"This is a revised and more "user-friendly" version of [Seel, 90] which wrote up my Ph.D. work for publication. The latter has more pictures, and its slightly greater austerity may please the formalist. Still all the math is still here, it's just more clearly explained!...
The problem we're looking at is simply stated. Take an example: we can look at intelligent robots operating in trial-and-error mode in a local environment, and accurately describe their behaviour using sentences like "look, it didn't know there was a hole there, that's why it fell over", and "now it knows where the power supply is, it will find a direct route."

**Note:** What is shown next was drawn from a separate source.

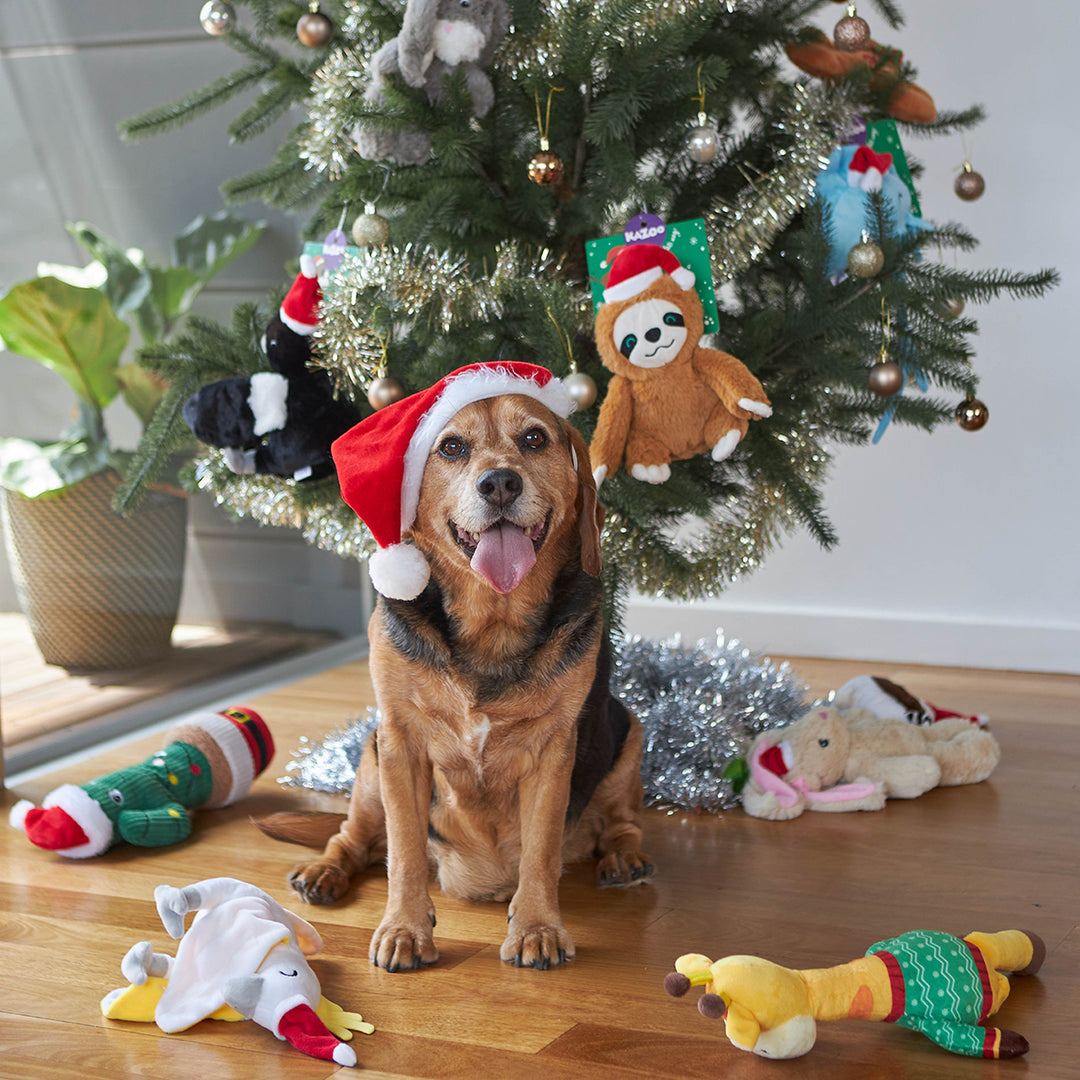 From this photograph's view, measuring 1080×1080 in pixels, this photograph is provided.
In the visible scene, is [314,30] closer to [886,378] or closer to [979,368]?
[886,378]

In the jargon, this use of words like "knows", along with words like "believes", "wants" to describe and predict the behaviour of agents is called intentional description. It's so natural that it's not even obvious why it should be problematic. But the designers and engineers who constructed the robot have a different story as to how it behaves. They understand the causal mechanisms underpinning its perceptual, information-storage and problem-solving abilities. They can also predict (and alter and fix) the robot's behaviour.

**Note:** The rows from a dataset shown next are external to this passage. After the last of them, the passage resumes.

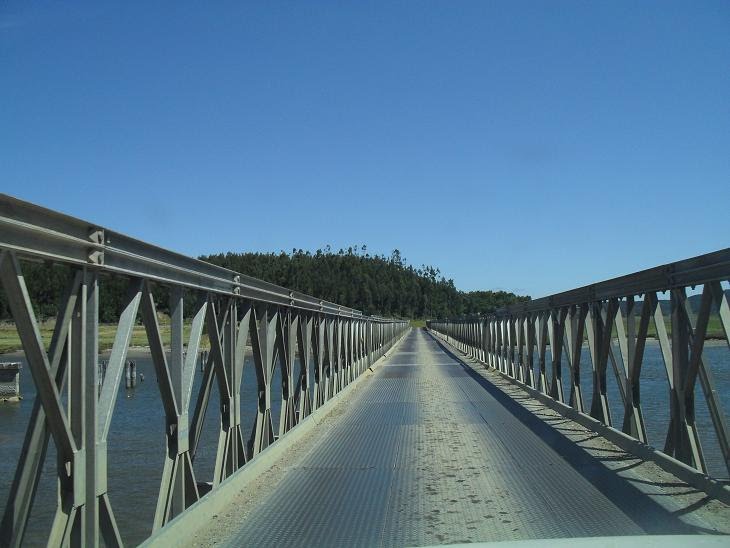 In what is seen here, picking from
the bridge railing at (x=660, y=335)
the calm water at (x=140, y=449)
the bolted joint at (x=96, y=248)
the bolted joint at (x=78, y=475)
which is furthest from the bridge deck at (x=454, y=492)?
the bolted joint at (x=96, y=248)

Engineers normally have little time for intentional descriptions, considering them as so much sentimentality and anthropomorphism. Also, they don't see how intentional descriptions could work - the casual observer doesn't, after all, know the engineering. Still, intentional descriptions do work - we use them all the time and not just for robots.
To see how it all fits together, we need to use mathematical models: both for robots and their environments (for which we use automata-type formalisms) and for intentional language (for which we use logic, namely the special modal logics of knowledge, belief and goals).
It then turns out that the relationship between the two kinds of description, intentional and engineering, comes out in the maths as a semantic relationship between formulae in the logic and the appropriate automata-structured model spaces of the logic.
To properly get the details of what follows, you need to know basic propositional modal logic as taught in introductory AI or logic courses. Despite the jargon, the paper is more interested in conceptual clarity than the use of deep or intricate mathematical techniques (in fact I don't use any). If you read the words and avoid the formulae, you still get the gist of what's going on.
A shorter alternative to reading the rest of this paper is to look at (Seel, 1991) at http://interweave-consulting.blogspot.com/2010/05/logical-omniscience-of-reactive-systems.html."
Seel, N. R. (1990). Intentional Description of Reactive Systems. In Y. Demazeau & J-P. Muller (Eds.), Proceedings of the Second European Workshop on Modelling Autonomous Agents in a Multi-Agent World. Elsevier Science Publishers B.V./North-Holland.
This is the main technical presentation of my Ph.D work in an accessible form.